### What this task involves
Print the data exactly as written, line for line, and leave its pictures behind.

Scraped caption text data
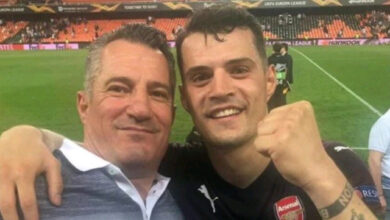 Quajti rrugaç Granit Xhakën, babai i futbollistit reagon ashpër ndaj analistes shqiptare: E turpshme! Po mbron tezat serbe Quajti rrugaç Granit Xhakën, babai i futbollistit reagon ashpër ndaj analistes shqiptare: E turpshme! Po mbron tezat serbe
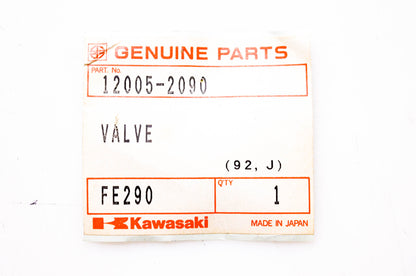 New OEM Kawasaki 12005-2090 Valve NOS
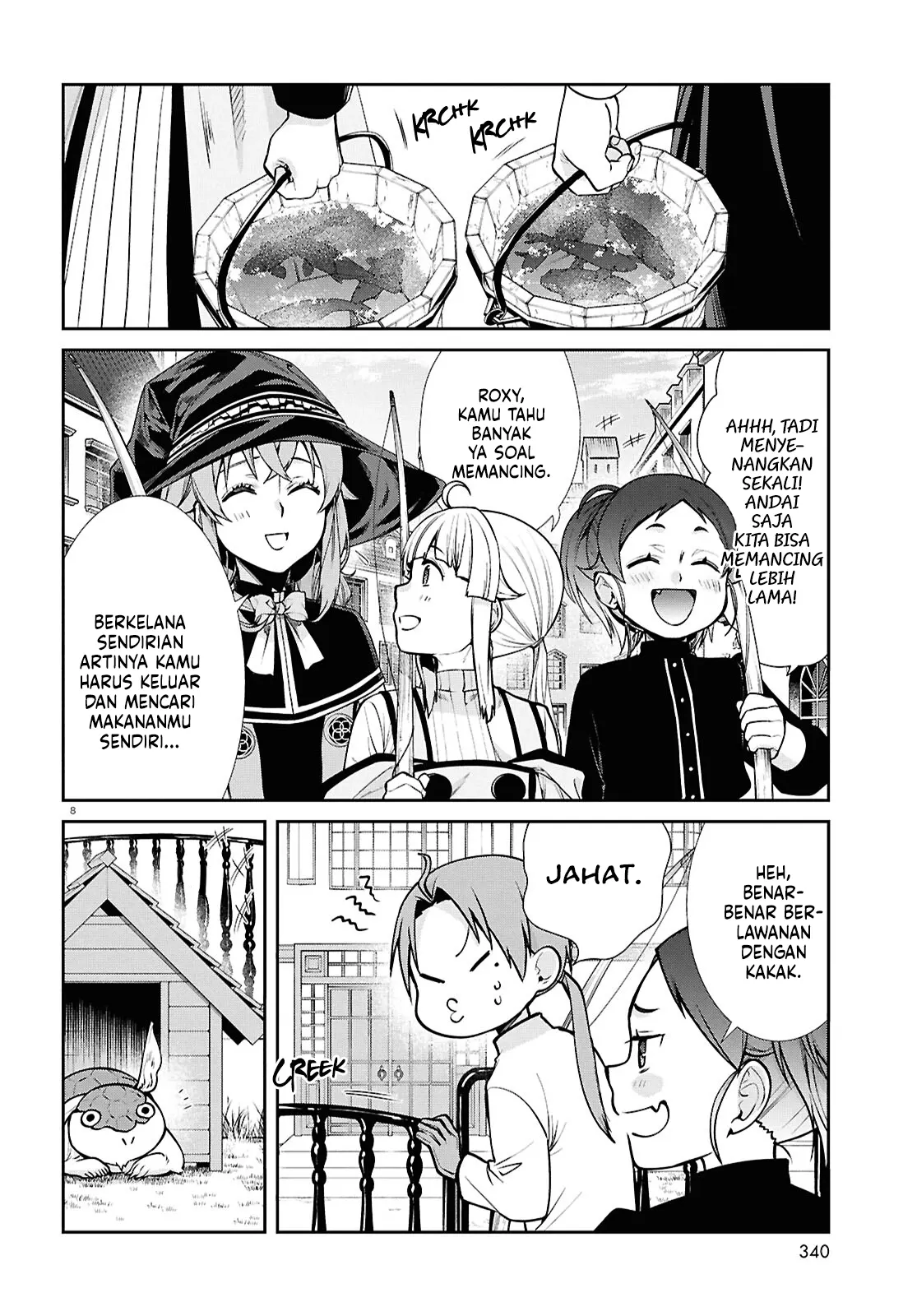 Mushoku Tensei: Isekai Ittara Honki Dasu Chapter 121 Gambar 9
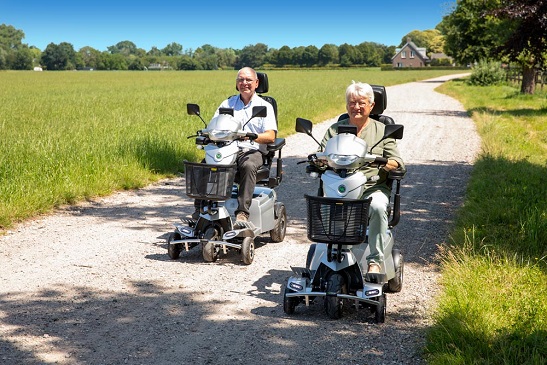 Opties scootmobiel huren tijdens vakantie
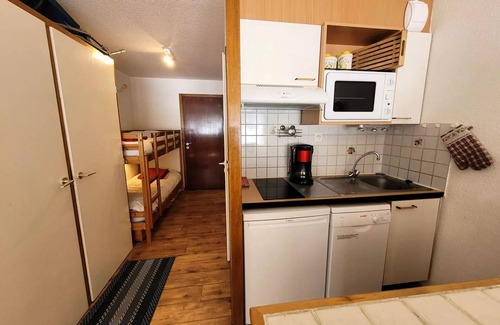 Bessans Apartment | Residence Le Soliet Ii - 2 Rooms for 6 Persons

### Finished task
 Quajti rrugaç Granit Xhakën, babai i futbollistit reagon ashpër ndaj analistes shqiptare: E turpshme! Po mbron tezat serbe Quajti rrugaç Granit Xhakën, babai i futbollistit reagon ashpër ndaj analistes shqiptare: E turpshme! Po mbron tezat serbe
 New OEM Kawasaki 12005-2090 Valve NOS
 Mushoku Tensei: Isekai Ittara Honki Dasu Chapter 121 Gambar 9
 Opties scootmobiel huren tijdens vakantie
 Bessans Apartment | Residence Le Soliet Ii - 2 Rooms for 6 Persons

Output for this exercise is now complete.